Le 19 juillet dernier, un délégué de l’administration Trump a annoncé la fin officielle de l’opération visant à armer et à entraîner des troupes anti-Assad mise sur pied par la CIA.

Cette nouvelle est bien accueillie dans un contexte où l’appareil militaire américain semblait bien décidé à rester en Syrie pour les prochaines années. Tel que documenté dans mon récent article le résultat le plus évident de cette opération mise en œuvre vers la fin 2011 aura été de procurer de l’armement à Al-Qaïda ainsi qu’aux innombrables factions extrémistes de la région, celles-ci étant rapidement venues à dominer les forces militaires opposées au gouvernement syrien de Bachar el-Assad.

La décision de l’administration Trump d’annoncer explicitement la fin de cette opération d’armement invite à analyser comment et pourquoi un tel plan – qui contrevient fondamentalement aux intérêts de la sécurité du peuple américain – a pu débuter et être poursuivi pour une si longue période de temps. La version préliminaire de ce programme débutant en 2011 est plus facile à élucider que sous la forme définitive qui sera effective deux ans plus tard, en 2013, et qui s’est arrêté – du moins officiellement – la semaine dernière.

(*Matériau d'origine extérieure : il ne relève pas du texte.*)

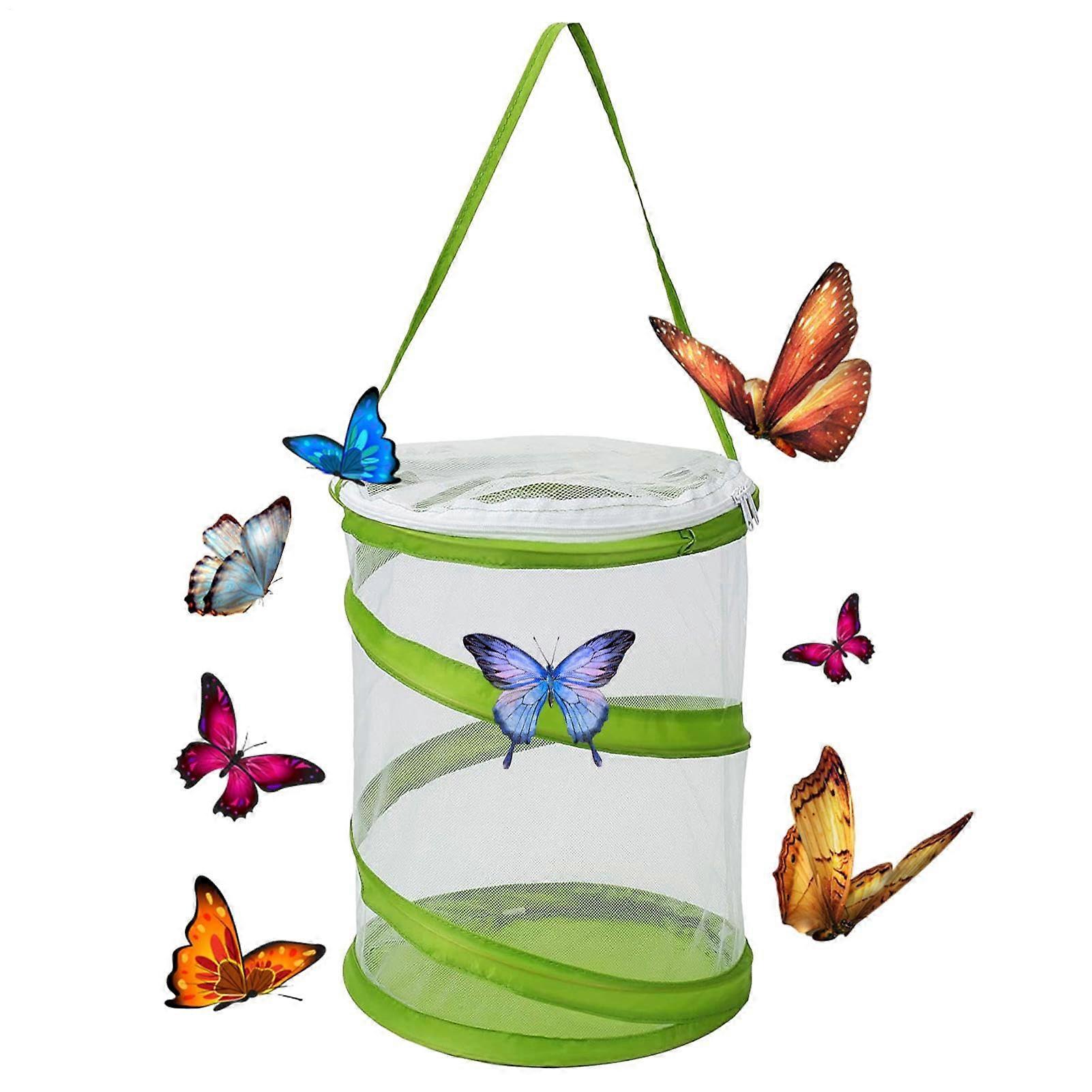 Butterfly habitat, mesh cage with transparent mesh housing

Un des facteurs clé pour comprendre l’origine de ce plan d’intervention, c’est que celui-ci a démarré non pas pour répondre à une menace, mais bien parce qu’il répondait à une opportunité intéressante. Cette façon de vouloir passer à l’action à l’étranger de façon préventive et contournée, en vue d’une « victoire » américaine, s’est toujours révélée néfaste ; pensons par-exemple au cas du Vietnam ou à celui de l’Irak.

Dans ce cas-ci, l’opportunité en question était l’apparition de manifestations populaires contre le gouvernement Assad au printemps 2011. Les hauts responsables de la Sécurité nationale américaine, persuadés que celui-ci ne pourrait pas garder son poste et survivre à la montée de l’opposition, ont tenté de couper-court.

Un ancien employé du président Obama, Derek Chollet, indique dans son livre The Long Game que les conseillers d’Obama tentaient alors de le persuader du bien-fondé d’une « transition contrôlée » et le poussaient à demander publiquement le départ de Bachar el-Assad. De leur point de vue, il fallait appliquer des pressions externes au régime, cela incluant la distribution d’armement à l’opposition, afin de déloger Assad et le parti Baas.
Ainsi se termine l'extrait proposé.